SOURCE INFORMATION:
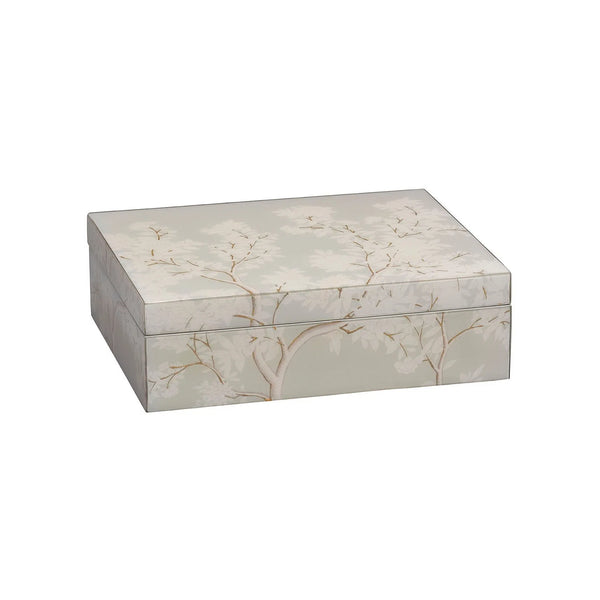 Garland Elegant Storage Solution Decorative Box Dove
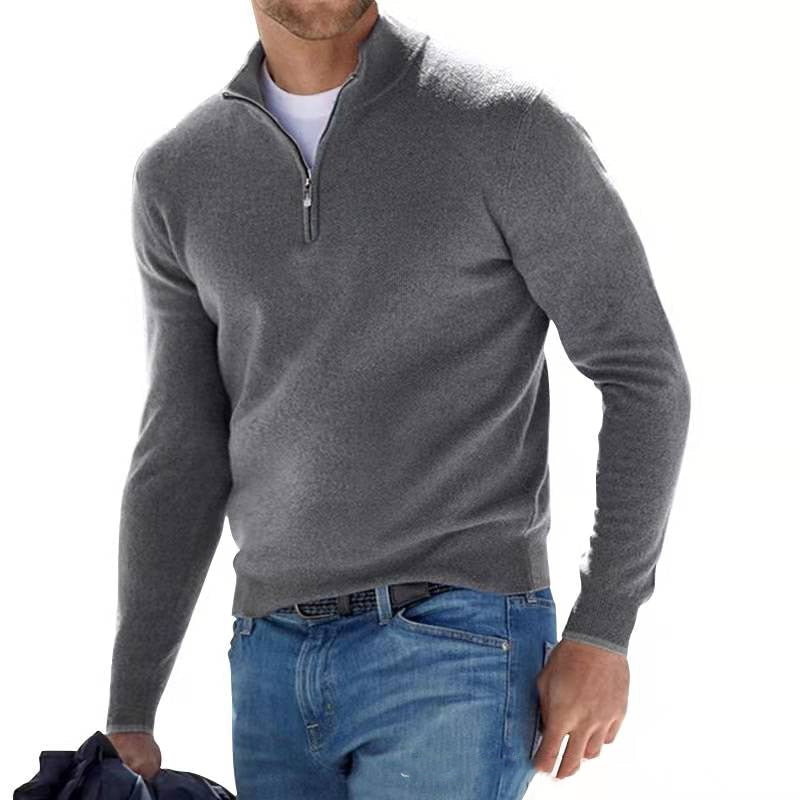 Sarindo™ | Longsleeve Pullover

--

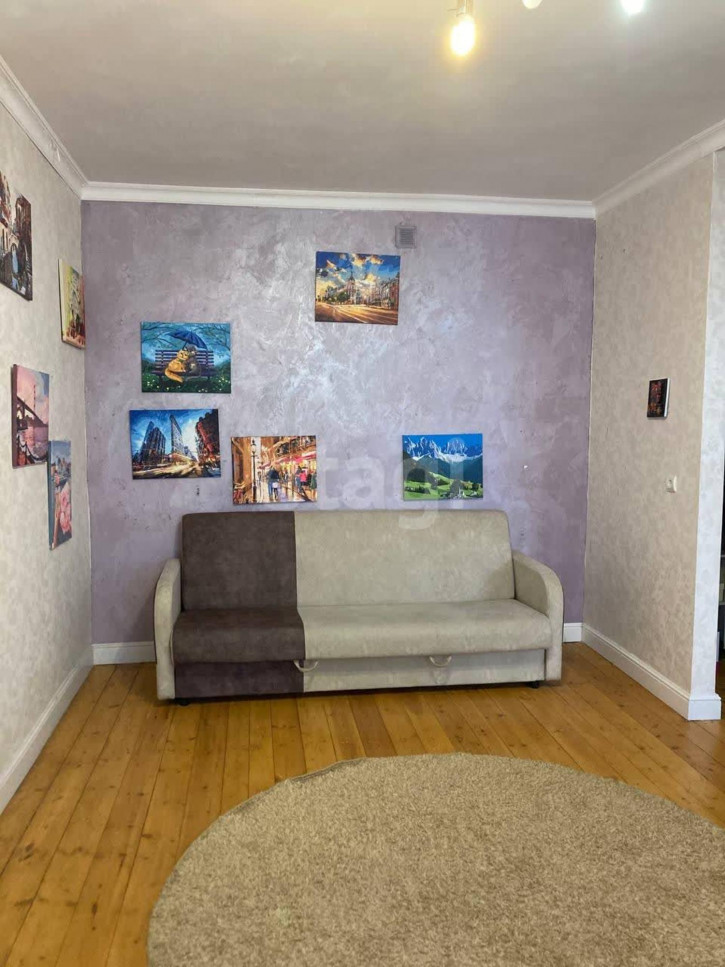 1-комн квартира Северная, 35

TASK DETAILS: The lines to set down run from the line with "Garland Elegant Storage" up to and including the line with "Sarindo™ | Longsleeve Pullover" in the entries above. Reproduce them exactly, with no pictures.

RESPONSE TO THE EXERCISE:
 Garland Elegant Storage Solution Decorative Box Dove
 Sarindo™ | Longsleeve Pullover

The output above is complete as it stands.